The Sunlit Path|Nov 28, 2004 11:00 AM| by:

The Right Time to Walk the Path

At some time in our lives we feel the call of the spirit, we would like to follow the spiritual path, to do sadhana, but we do not know from where to begin, what are the signs that one has entered the chosen path, whether it lies in the capacity to meditate, and how to find the Divine.

Here are the Mother’s simple, practical and beautiful answers to these questions and her guidance for the seekers.

When can one say that one has truly entered the spiritual path?

“The first sign (it is not the same for everybody) but in a chronological order, I believe, is that everything else appears to you absolutely without importance. Your entire life, all your activities, all your movements continue, if circumstances so arrange things, but they all seem to you utterly unimportant, this is no longer the meaning of your existence. I believe this is the first sign.

There may be another; for example, the feeling that everything is different, of living differently, of a light in the mind which was not there before, of a peace in the heart which was not there before. That does make a change; but the positive change usually comes later, very rarely does it come at first except in a flash at the time of conversion when one has decided to take up the spiritual life.
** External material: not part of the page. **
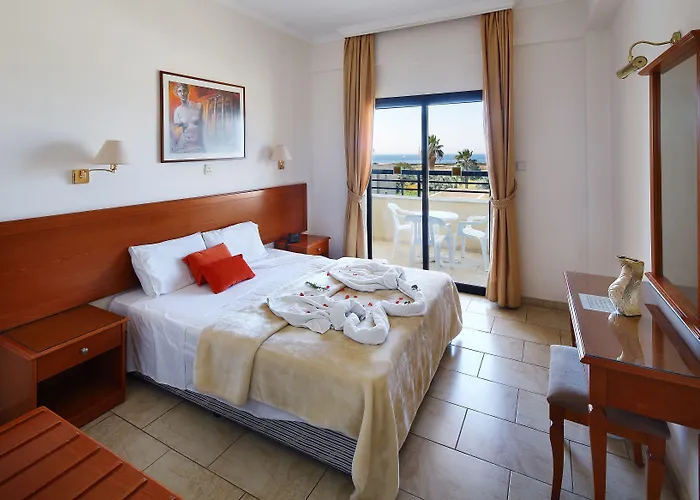 Rezort Panareti Coral Bay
Sometimes, it begins like a great illumination, a deep joy enters into you; but generally, afterwards this goes into the background, for there are too many imperfections still persisting in you…. It is not disgust, it is not contempt, but everything appears to you so uninteresting that it is truly not worth the trouble of attending to it. For instance, when you are in the midst of certain physical conditions, pleasant or unpleasant (the two extremes meet), you say to yourself, “It was so important to me, all that? But it has no importance at all!” You have the impression that you have truly turned over to the other side.

Some imagine that the sign of spiritual life is the capacity to sit in a corner and meditate! That is a very, very common idea. I do not want to be severe, but most people who make much of their capacity for meditation—I do not think they meditate even for one minute out of one hour. Those who meditate truly never speak about it; for them it is quite a natural thing. When it has become a natural thing, without any glory about it, you may begin to tell yourself that you are making progress. Those who talk about it and think that this gives them a superiority over other human beings, you may be sure, are most of the time in a state of complete inertia.”

How can we find the Divine who is hidden in us?

“The first thing is to want it, and know precisely that this comes first, before all other things, that this is the important thing. That is the first condition; all the rest may come later, this is the essential condition. You see, if once in a while, from time to time, when you have nothing to do and all goes well and you are unoccupied, suddenly you tell yourself, “Ah, I would like so much to find the Divine!”—well, this—it may take a hundred thousand years, in this way.

But if it is the important thing, the only thing that matters, and if everything else comes afterwards, and you want nothing but this, then—this is the first condition. You must first establish this, later we may speak of what follows. First this, that all the rest does not count, that only this counts, that one is ready to give up everything to have this, that it is the only thing of importance in life. Then one puts oneself in the condition of being able to take a step forward.”